Nice find. I remember using them years ago for some commercial work that spec'd lead pours.


Post pictures!


----------



## gladerunner (Jan 24, 2009)

bigdaddyrob said:


> what area of Pa are u in ? Seen a lot of new work there and never say pack and poured joints. Of course I was limited to not to far off 83, lol


 In philadelphia, all underground packed and poured from 10' outside foundation in, also all commercial and more than 3 dwelling units cast and copper only through-out


----------



## 422 plumber (Jul 31, 2008)

At this old factory in Chicago, the maintenance boss gave me the keys to some cabinets in the old boiler room. In one of the cabinets I found thousands of dollars worth of 2" and 3" copper sweat fittings. He had only been there about 4 years and have never poked around back there. I found what I needed and told him about the stash. He shrugged his shoulders, now, the place has been sold and he got let go and I don't get called there anymore. Nuts.


----------



## SewerRatz (Apr 25, 2009)

jjbex said:


> At this old factory in Chicago, the maintenance boss gave me the keys to some cabinets in the old boiler room. In one of the cabinets I found thousands of dollars worth of 2" and 3" copper sweat fittings. He had only been there about 4 years and have never poked around back there. I found what I needed and told him about the stash. He shrugged his shoulders, now, the place has been sold and he got let go and I don't get called there anymore. Nuts.

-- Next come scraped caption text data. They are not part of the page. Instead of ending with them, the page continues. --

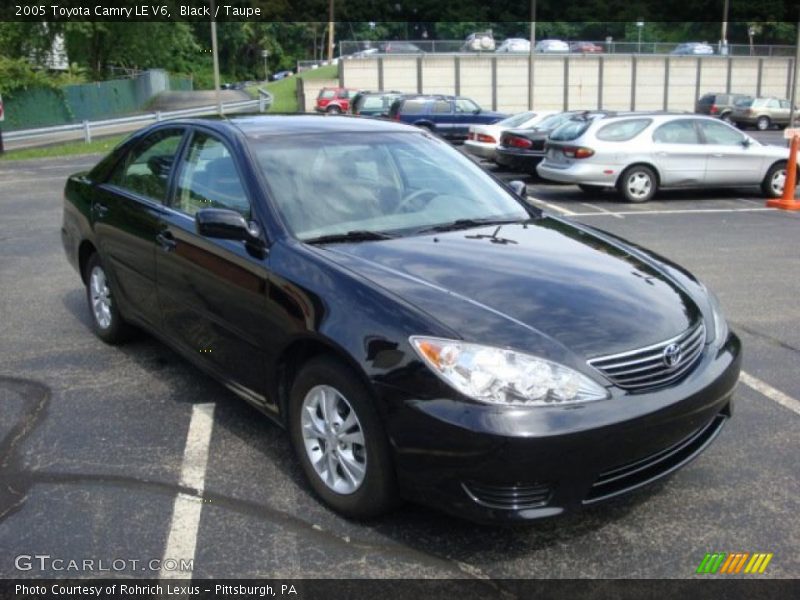 Black / Taupe 2005 Toyota Camry LE V6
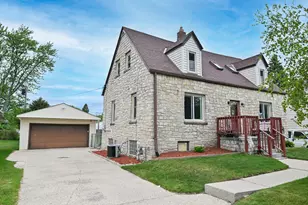 5949 S 31st St, Greenfield, WI 53221 - Photo 2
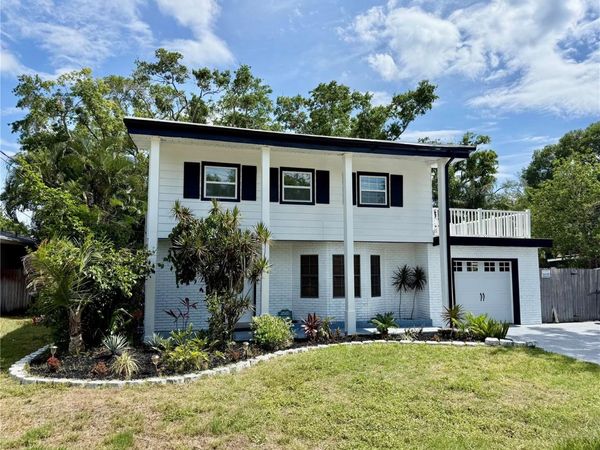 8424 STILLBROOK AVENUE, TAMPA, FL 33615
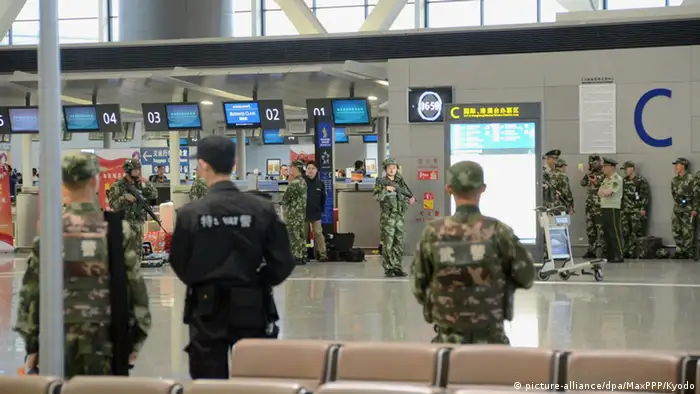 China Explosion im Flughafen Pudong International Airport Shanghai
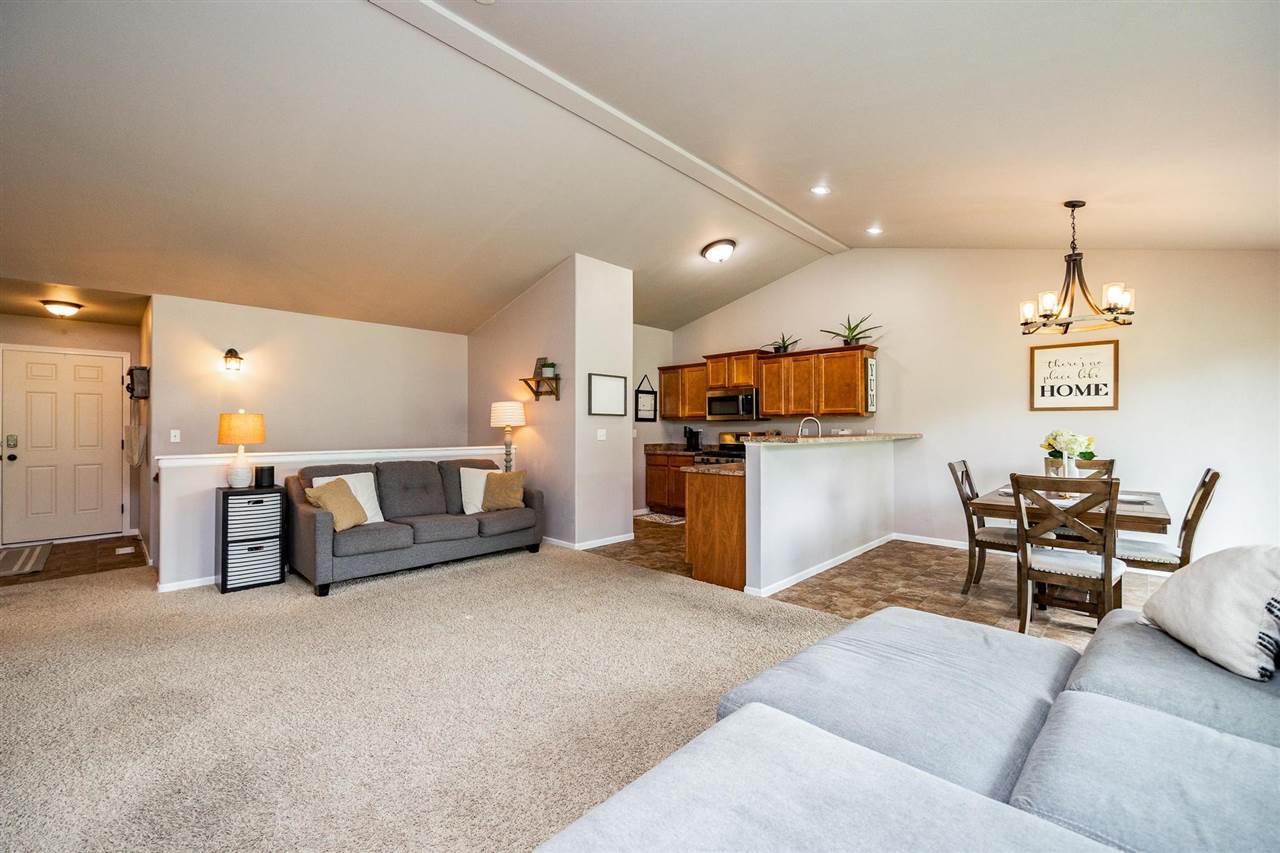 7103 Rolling Ridge Drive Southwest Cedar Rapids, IA 52404 - Photo 5 of 29 Gallery Image 5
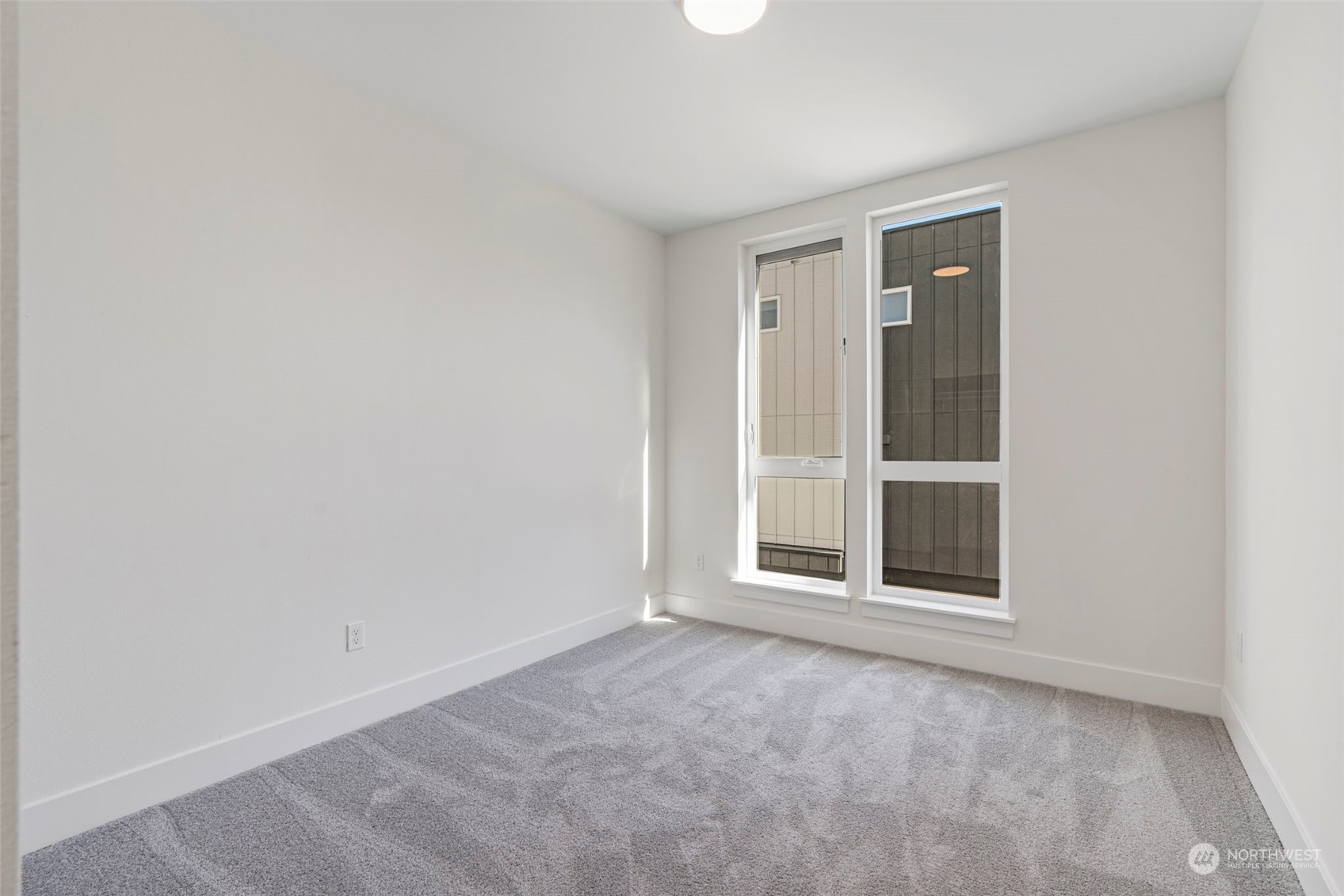 20120 61st Place W Unit: TH13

 I don't recall how far back this was. But I recall the Chicago public schools where saying how they needed all this cash to fix up the schools and such. Then one day some one came across a stash of plumbing parts and fixtures, drywall, paint, you name it it was there, enough to fix up all the schools twice over.


----------



## 422 plumber (Jul 31, 2008)

How much wastage is in the CPS?


----------